Among the lines below, how many have the string "featuring" in them? Only the number is wanted.

**Entries taken from a collection**
Content starts

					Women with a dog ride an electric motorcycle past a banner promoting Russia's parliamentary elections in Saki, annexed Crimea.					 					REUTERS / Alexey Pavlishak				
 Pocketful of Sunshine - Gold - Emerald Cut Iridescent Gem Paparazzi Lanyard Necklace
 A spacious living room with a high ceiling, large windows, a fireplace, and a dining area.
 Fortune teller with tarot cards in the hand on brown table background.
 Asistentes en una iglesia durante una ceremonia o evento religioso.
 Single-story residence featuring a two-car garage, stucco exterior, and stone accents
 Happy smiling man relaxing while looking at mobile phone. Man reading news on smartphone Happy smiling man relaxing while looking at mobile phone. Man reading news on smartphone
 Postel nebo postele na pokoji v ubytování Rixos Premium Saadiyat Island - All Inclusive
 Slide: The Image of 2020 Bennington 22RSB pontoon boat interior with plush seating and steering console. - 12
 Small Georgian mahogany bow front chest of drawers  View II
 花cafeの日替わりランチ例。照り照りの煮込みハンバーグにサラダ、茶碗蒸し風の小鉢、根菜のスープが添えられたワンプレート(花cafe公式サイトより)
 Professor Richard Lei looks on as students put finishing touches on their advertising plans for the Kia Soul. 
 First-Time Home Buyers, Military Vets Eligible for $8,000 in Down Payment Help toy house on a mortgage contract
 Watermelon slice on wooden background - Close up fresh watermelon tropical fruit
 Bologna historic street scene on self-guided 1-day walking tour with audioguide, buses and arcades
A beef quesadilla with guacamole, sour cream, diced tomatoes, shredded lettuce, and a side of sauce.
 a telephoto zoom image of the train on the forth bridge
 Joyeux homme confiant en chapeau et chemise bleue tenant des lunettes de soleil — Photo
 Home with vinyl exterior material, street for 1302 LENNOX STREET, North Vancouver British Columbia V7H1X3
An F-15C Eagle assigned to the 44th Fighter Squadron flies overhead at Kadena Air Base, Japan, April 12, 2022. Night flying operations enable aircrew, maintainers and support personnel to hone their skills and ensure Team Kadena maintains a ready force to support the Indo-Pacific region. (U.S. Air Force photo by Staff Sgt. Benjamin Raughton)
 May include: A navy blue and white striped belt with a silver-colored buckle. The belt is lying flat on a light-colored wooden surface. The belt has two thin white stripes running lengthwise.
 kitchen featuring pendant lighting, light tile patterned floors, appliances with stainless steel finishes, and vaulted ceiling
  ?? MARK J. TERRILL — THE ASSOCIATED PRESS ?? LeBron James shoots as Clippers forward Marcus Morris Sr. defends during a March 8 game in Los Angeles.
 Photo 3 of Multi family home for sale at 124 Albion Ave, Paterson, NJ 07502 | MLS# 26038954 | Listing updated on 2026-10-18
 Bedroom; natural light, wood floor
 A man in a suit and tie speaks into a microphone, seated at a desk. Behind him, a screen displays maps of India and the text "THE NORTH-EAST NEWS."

Content ends

**Final answer**
2